The Fifth Circuit noted that the district court’s summary judgment findings were very brief when compared to the lengthy briefing submitted by both sides. Judge Hughes’ order included few citations to the record or to legal precedent. And, he did not follow the clear legal guidance on how to assess whether information is truly in the public domain or not. So, the higher court took the extraordinary remedy of re-assigning the case to a different district judge. After eight years, the case is still not past the point at which public disclosure is recognized as such, or not. The Fifth Circuit is not happy with Judge Hughes. See the decision here.
Award of Attorney’s Fees Against EEOC is Reversed
I first wrote about this case a couple of years ago. See my prior post about EEOC v.

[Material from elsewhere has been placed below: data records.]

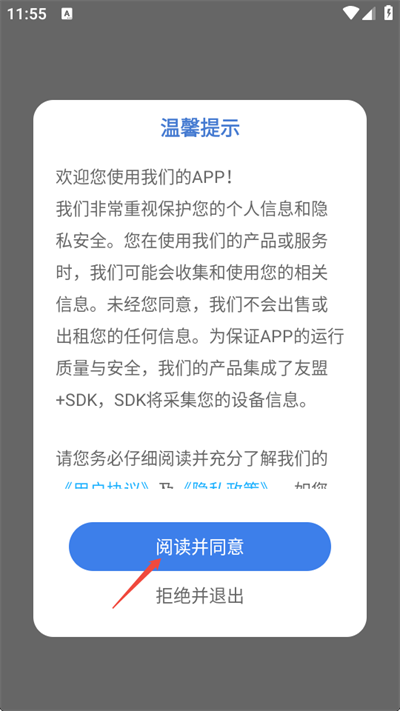CP背单词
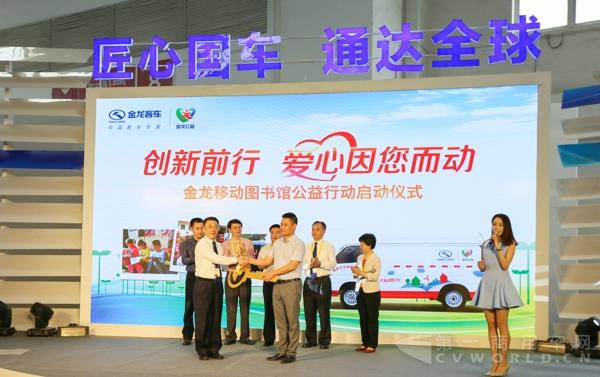 01“金龙移动图书馆”公益启动仪式.jpg 01“金龙移动图书馆”公益启动仪式.jpg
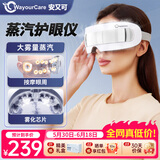 WayourCare【价保618】眼部按摩仪护眼仪热敷眼罩眼部干涩蒸汽雾化点震式生日男生送长辈端午父亲节礼物 白色款【爆款618推荐】 礼盒装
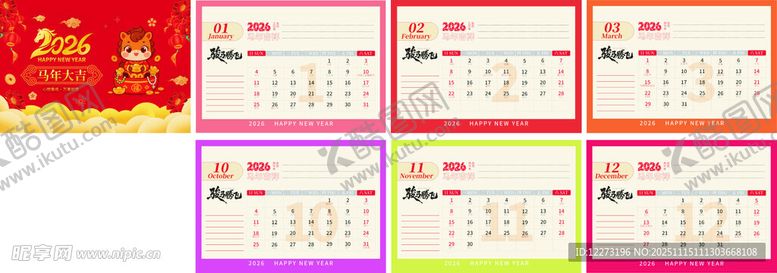 编号：47567811201204077450【酷图网】源文件下载-2026年台历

CRST Van Expedited, Inc. It struck me as a good case, but the court parsed the evidence to make it seem like a weak case. Too, the court rejected the view that certain “lead” drivers could constitute managers. If those lead drivers were not managers, then the employer would not be liable for sexual harassment. In any event, the EEOC lost. In that appeal, the court of appeals did vacate the award of attorney’s fees. The higher court found that the employer did not prevail on any issue. A party must be a “prevailing” party to be entitled to attorney’s fees.

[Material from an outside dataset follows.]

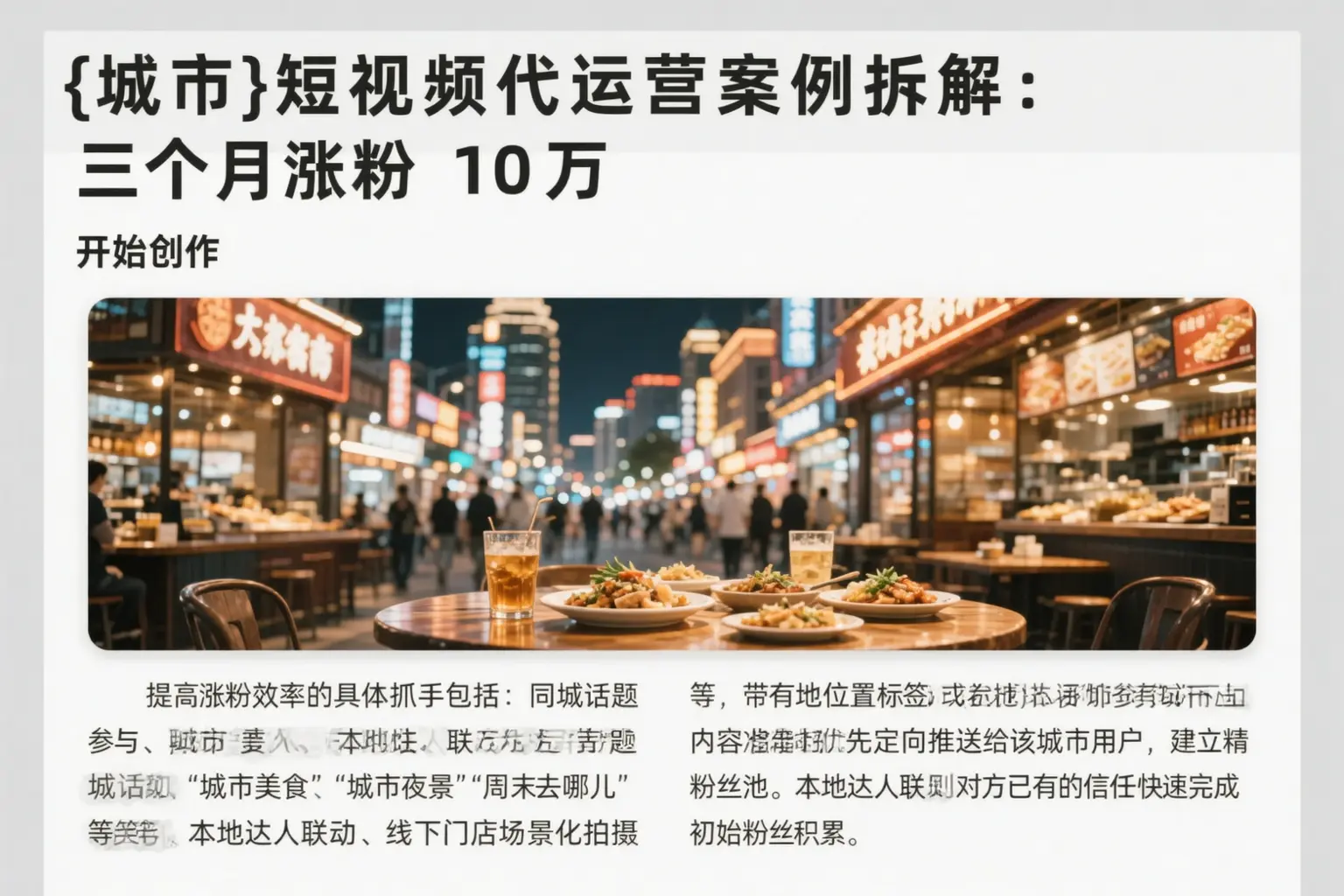 利州短视频代运营案例拆解：三个月涨粉10万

Well, the case apparently got worse for the EEOC, because the district court assessed $4.6 million in attorney’s fees, again. The EEOC did settle one case for one plaintiff for $50,000. But, what had been intended as a class action of some 107 women resulted in just that, one settlement. In this most recent appeal, the Eighth Circuit did find that the EEOC had advanced claims on behalf of more than one plaintiff. The EEOC tried to argue that it had withdrawn such claims. The Eighth Circuit did not accept that argument.
The defendant also claimed that when the district court dismissed claims based on “pattern and practice” of discrimination, then that ruling made the defendant a prevailing party. No, said the higher court. The EEOC did not allege a “pattern or practice” lawsuit. The lower court assumed the EEOC had alleged a pattern or practice lawsuit without making any actual finding.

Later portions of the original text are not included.